To give the prototype flexibility, the daypart probabilities are produced by month and quarter. Probabilities are produced each week using Python modules that first calculate the probabilities within the team’s Redshift database. The newest probability files are stored within a S3 bucket created for these Spectrum tables. The prototype would have required 18GB of minute-level viewing data to produce this report, using the Nielsen respondent level files. We achieved a 99.2% reduction in data volume by reading 0.141GB of viewing probabilities in our prototype.

**Using Viewing Probabilities to Calculate Audiences**

We can closely approximate average audiences and reach using the viewing probabilities and calculated sample weights. The tables below present the average audience and reach calculations using probabilities for five respondents to Network A for a single hour. Each probability below represents the likelihood that the respondent would view a particular minute within that daypart to Network A.

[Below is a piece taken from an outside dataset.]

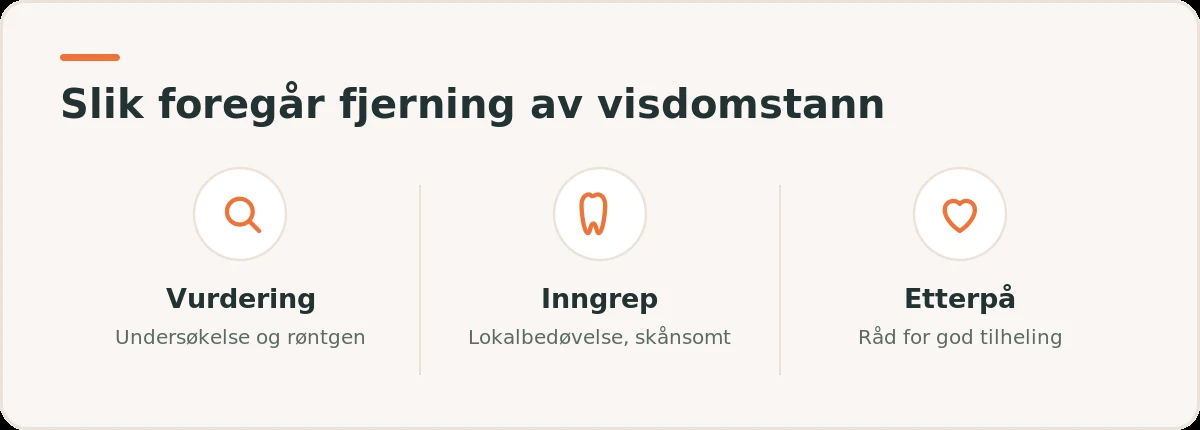 Illustrasjon som viser de tre stegene ved fjerning av visdomstann: vurdering, inngrep og etterbehandling.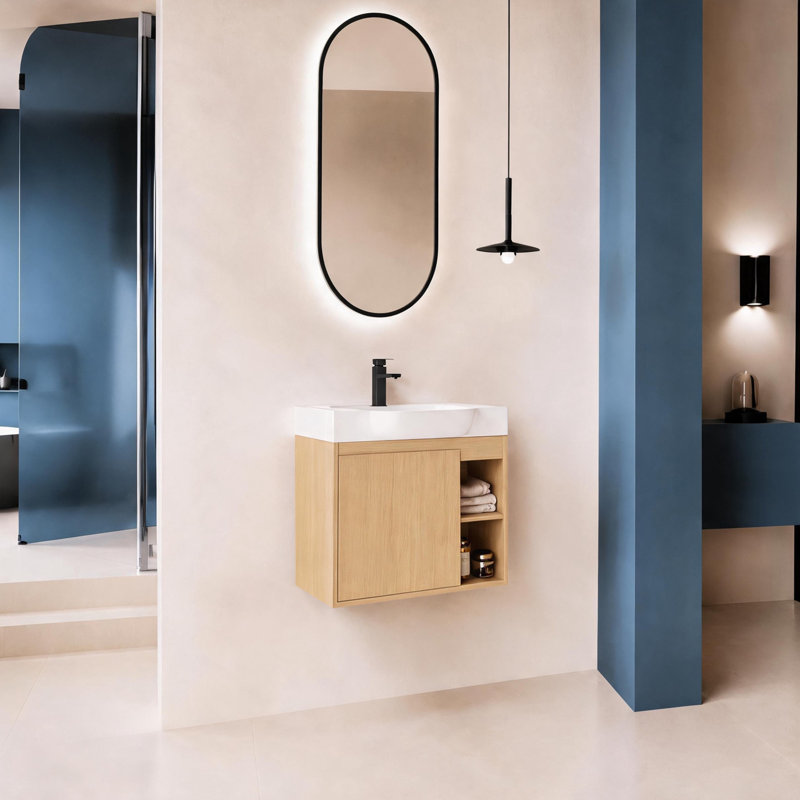 Meuble-lavabo flottant 24 po Slimbay, Beige, 24"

From each Nielsen respondent, a portion of the average audience can be estimated. In this example, the first respondent represents 1500 people in the population and has a 98% probability of viewing. The average audience based on the first respondent is approximated as 0.98 x 1500 = 1476 people in the population. Summing across respondents produces the total average audience of the population. A rating is calculated as the average audience multiplied by 100 divided by the universe estimate. Average time spent can also be calculated: person 1 is expected to view 0.98 x 60 = 58.8 minutes.

For reach, we first calculate the probability of __not__ viewing, using the inverse probability (1-p) for each respondent. The overall probability that a respondent did not watch any of the minutes in the daypart is calculated as the (1-p)^{m} following basic probability rules. P is the viewing probability and m is the number of minutes.

For respondent 2 below, the probability of not viewing is 0.988^{60} = 0.485. The probability of viewing for respondent 2 is 0.515. Applying this to the respondent weight, we estimate reached persons as 0.515 x 2200 = 1134. If we repeat this methodology across all sample respondents, we can produce the total reach estimate in persons. Multiplying the reach estimates in persons by 100 and dividing by the universe estimate gives us the reach expressed as a percentage.

An audience report across all networks and dayparts for a predefined daypart set can be generated within 480 seconds from the prototype for reach and average audiences with this viewing probability solution. The schedule report contains a subset of all networks and dayparts and can be generated in even less time. These timings are acceptable for a prototype and the production version will be quicker. With this viewing probability solution, the user can move from the creation of the Dog Owners target using the Audience Definition tool to the campaign planning stages armed with information they need to create the perfect ad schedule to help market their new dog treat.